Tour boats from Quebec City offer daily outings to Grosse Ile in spring and
summer, a combination of bracing river voyage and sobering tour through
reenactments of how authorities processed the masses.
The numbers wrought by Ireland’s famine, often called The Great Hunger, were
staggering. The famine hit its depths in 1847 when 100,000 people, six out
of seven of them Irish, headed for Quebec. Some 5,000 died at sea or while
waiting offshore of Grosse Ile as the overmatched facility verged on anarchy
due to some 12,000 inhabitants, many badly ill.
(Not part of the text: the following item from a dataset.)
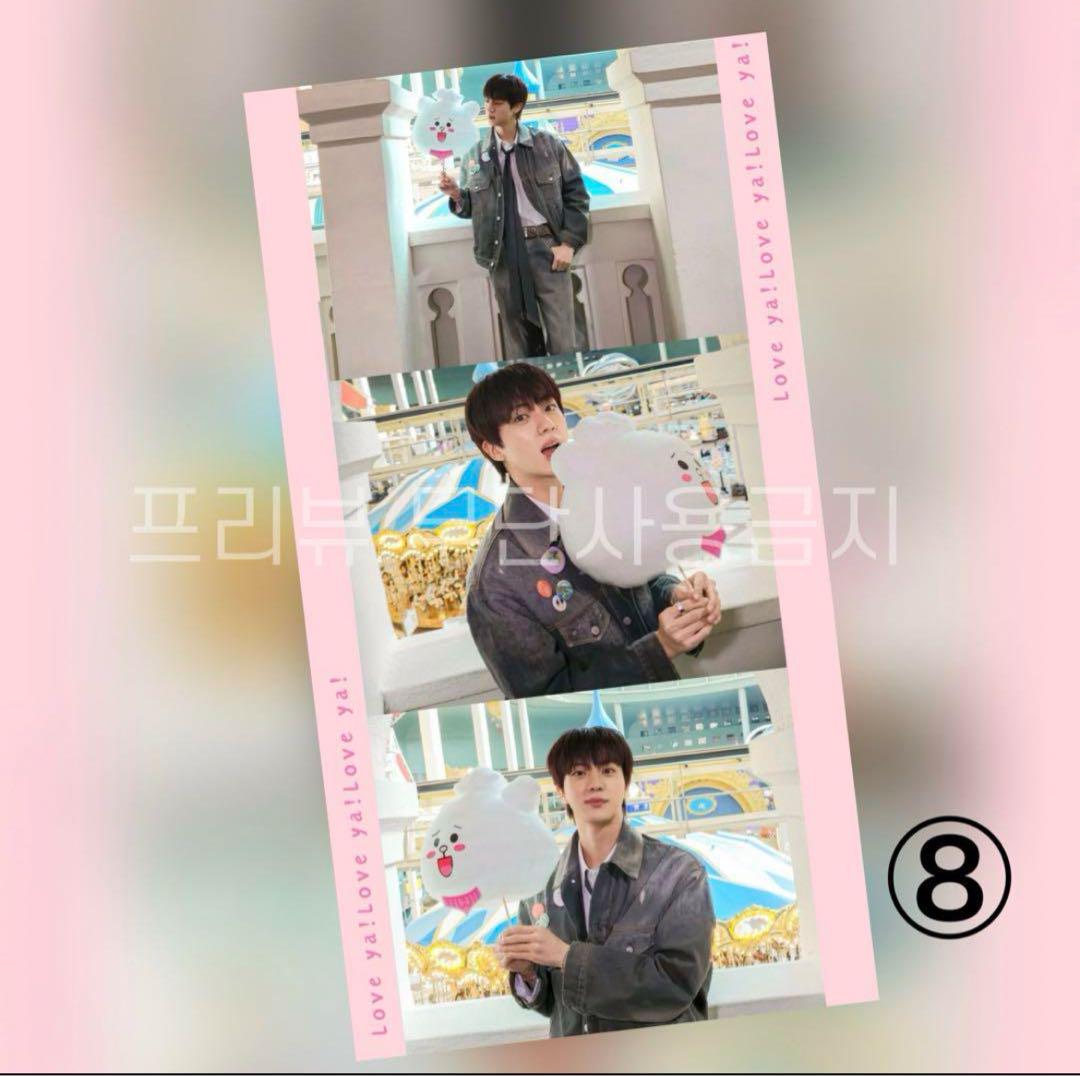 【New】BTS ジョングク テテ ジミン ジン 韓国製作者様 フォトチケット New】BTS ジョングク テテ ジミン ジン 韓国製作者様 フォトチケット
When the count was taken later, 5,424 died on the island and thousands more
died in Quebec City, Montreal and Kingston. For those who survived, tragedy
or travail often caught up with them later.
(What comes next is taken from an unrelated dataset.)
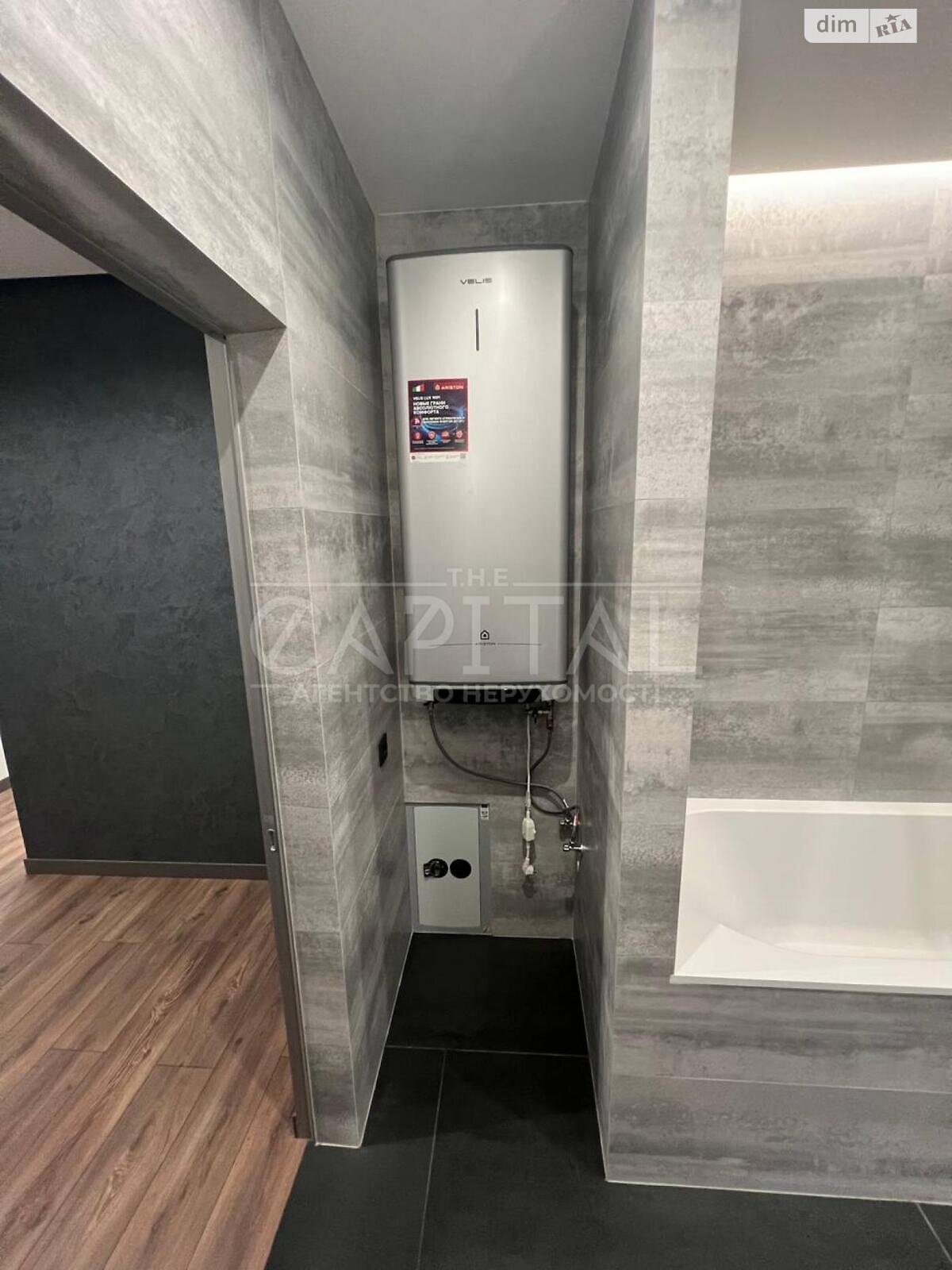 двоповерховий будинок без меблів, 138.4 кв. м, кирпич. Продаж в Бучі, район Буча фото 1 двоповерховий будинок без меблів, 138.4 кв. м, кирпич. Продаж в Бучі, район Буча фото 1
It was mainly Irish who dug the Lachine Canal at Montreal and the Rideau
Canal to Ottawa. And it was mostly Irish who died due to typhus and malaria.
Even so, as you follow the often-tragic trail of Irishmen and Irishwomen
down the St. Lawrence, you see the roots of Celtic culture setting down in a
new land. The Irish reel fused into the work of Quebec musicians and dancers
and lives on still in the work of groups like Les Cowboys Fringants.
Also, there is a line of thinking in political science circles that it was
Irishmen who provided an important bridge between the French and English on
the way to Canada’s Confederation in 1867.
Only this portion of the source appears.